To set white people as a category equivalent to the rest is to exclude non-whites from what it means to be American or to assume that there is no shared set of American culture, which ultimately perpetuates white privilege. White people are [among] the undifferentiated mass of Americans, with the single and of course very significant difference that they enjoy white privilege. That is not to say that white Americans are all the same, rather that the term “white” doesn’t connote anything in particular about them that “American” does not, except the receipt and quite possibly the exercise of white privilege. White privilege and institutionalized racism are a tremendous negative force in American society, most certainly, and many aspects of American culture have been used as a vehicle for white supremacy. But it still doesn’t transform white-skinned people into a People called White in any meaningful or positive way.

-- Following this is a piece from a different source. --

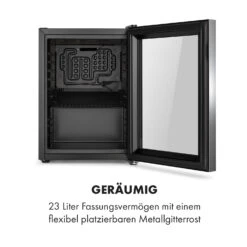 Harlem Getränkekühlschrank 23 Liter 1 Metallrost Glastür 11 Harlem Getränkekühlschrank 23 Liter 1 Metallrost Glastür -Haushaltsgeräte Geschäft 10034121 de 0005 logo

So with that as a starting point, I’ve been surprised to find in some white convert quarters the assumption that white people are a People with a capital “P”. I’ve met white converts who spoke of themselves as Caucasian and meant or implied by that some connection with the muslim peoples of the Caucasus, like the Chechens and so on. No doubt for the white convert finding himself a minority for the first time there may be some comfort in knowing that there are people who look like them who are muslim. But it ends at the resemblance. White Americans do not have much in common with the many muslim peoples of Europe and the Caucasus beyond skin tone. I imagine that the Quranic verse that God created man into various nations and tribes may lead some white converts to go looking for their tribe. But there is no reason to imagine that the nations and tribes God created are immutable, unchangeable or even have any intrinsic value in front of the Creator! For we know with certainty that nations have been raised up and destroyed, that tribes have come and gone, that languages have arisen, changed and disappeared. The message of the verse is the second clause, so that we may know one another. If you, the white American convert, have some particular connection to your European heritage, good for you. But your pre-American ancestry has only as much significance to who you are as you attach to it.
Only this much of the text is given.